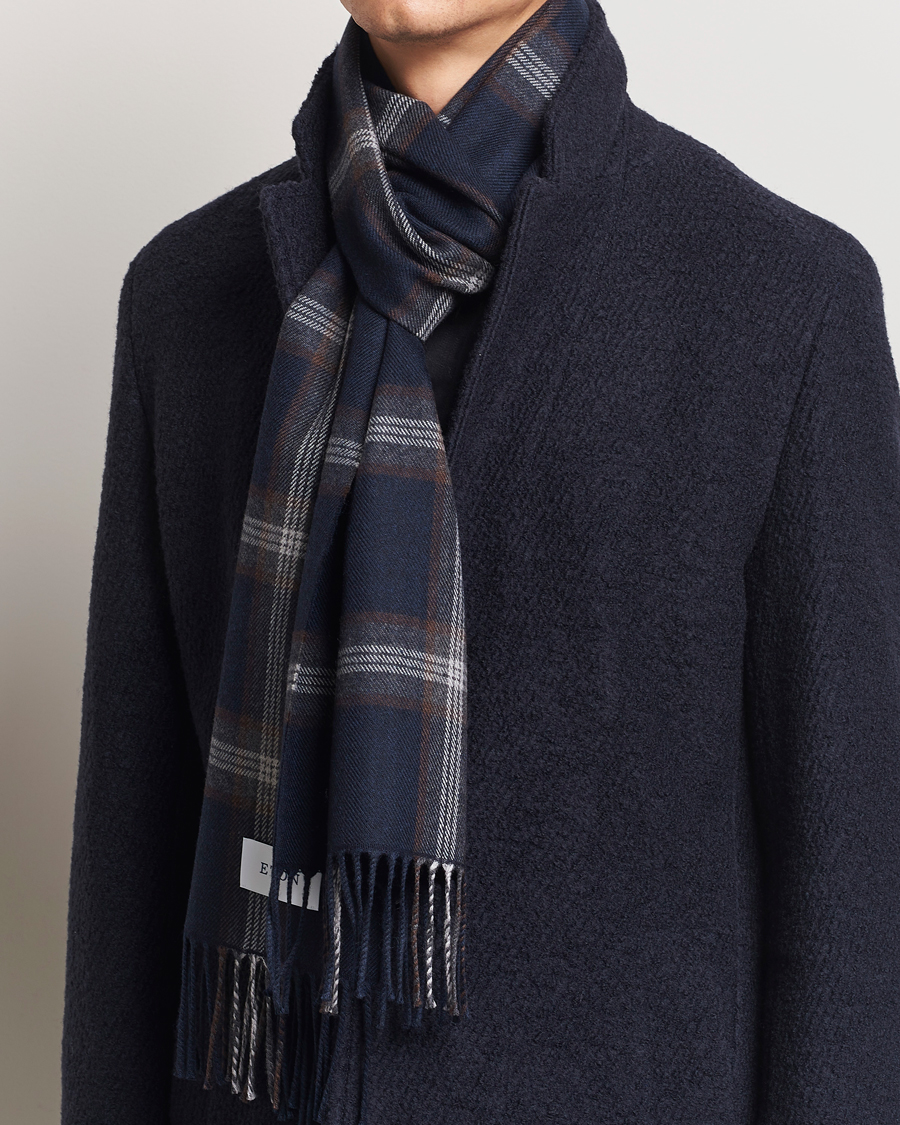 Herren | Eton Merino Wool Checked Scarf Navy Blue | Eton | Merino Wool Checked Scarf Navy Blue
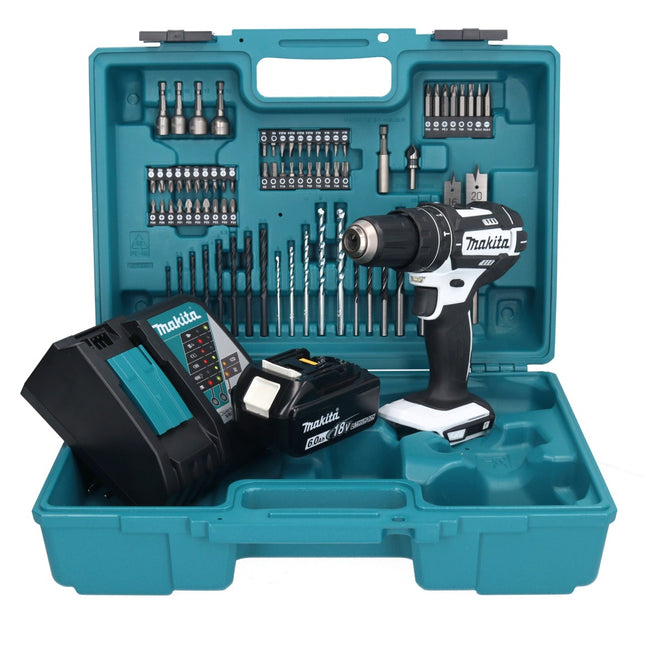 Taladro percutor inalámbrico Makita DHP 482 RG1X1W 18 V 62 Nm + 1x batería 6,0 Ah + cargador + set de accesorios 74 piezas + estuche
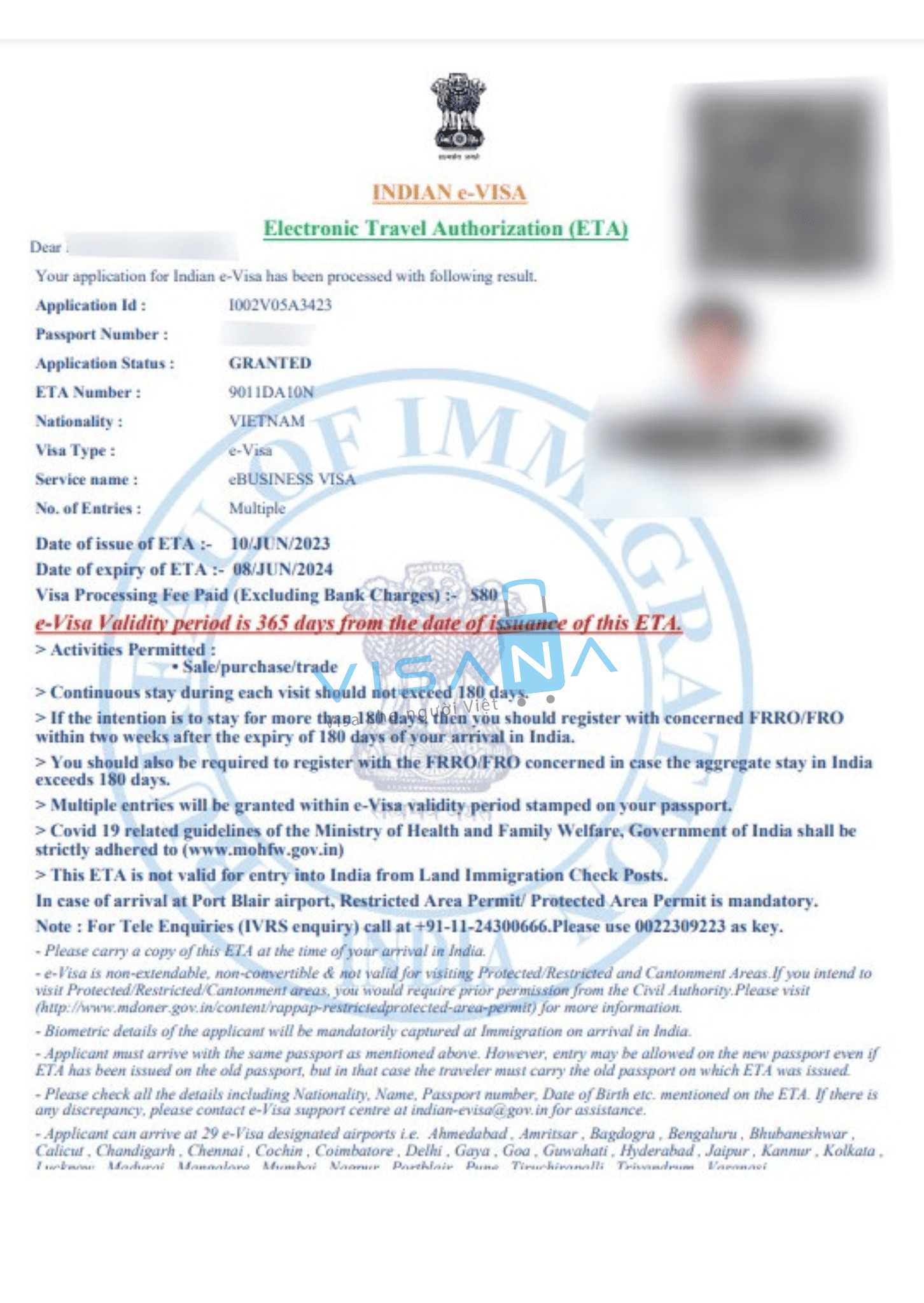 Mẫu visa Ấn Độ in trên giấy tờ nhập cảnh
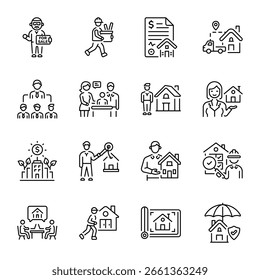 Set of Property Linear Style Icons 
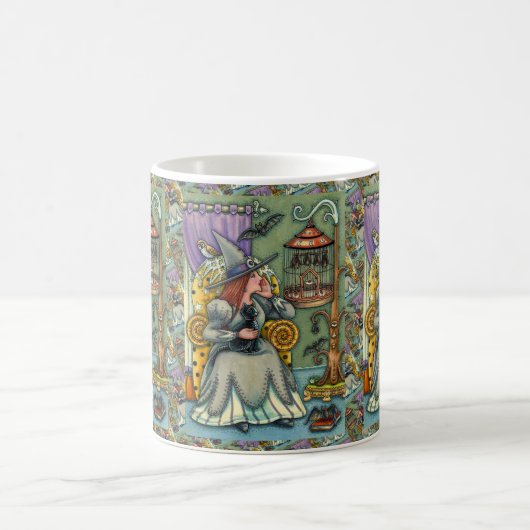 MUG JOLIMENT WITCH, CHAT & SES ANIMAUX, CAGE DE MAIN,  (Centre)
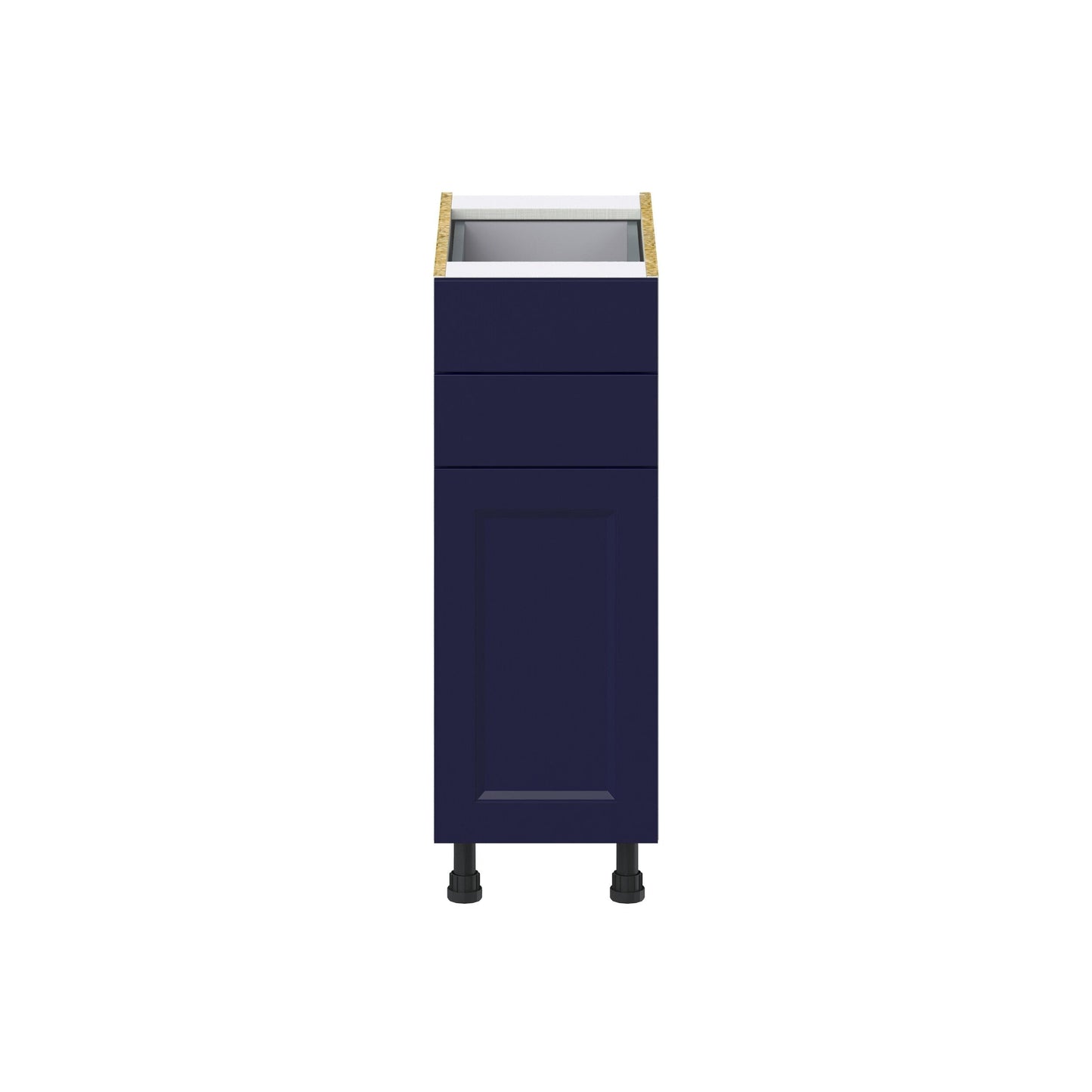 Hugo&Borg Lorette 12-in W x 34.5-in H x 24-in D Navy Blue 2-Drawers Base Fully Assembled Cabinet (Recessed Panel Shaker Style)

=== What you are asked to do ===
Omit the pictures, then give every record back exactly as it stands.

=== Result of this exercise ===
 Herren | Eton Merino Wool Checked Scarf Navy Blue | Eton | Merino Wool Checked Scarf Navy Blue
 Taladro percutor inalámbrico Makita DHP 482 RG1X1W 18 V 62 Nm + 1x batería 6,0 Ah + cargador + set de accesorios 74 piezas + estuche
 Mẫu visa Ấn Độ in trên giấy tờ nhập cảnh
 Set of Property Linear Style Icons 
 MUG JOLIMENT WITCH, CHAT & SES ANIMAUX, CAGE DE MAIN,  (Centre)
 Hugo&Borg Lorette 12-in W x 34.5-in H x 24-in D Navy Blue 2-Drawers Base Fully Assembled Cabinet (Recessed Panel Shaker Style)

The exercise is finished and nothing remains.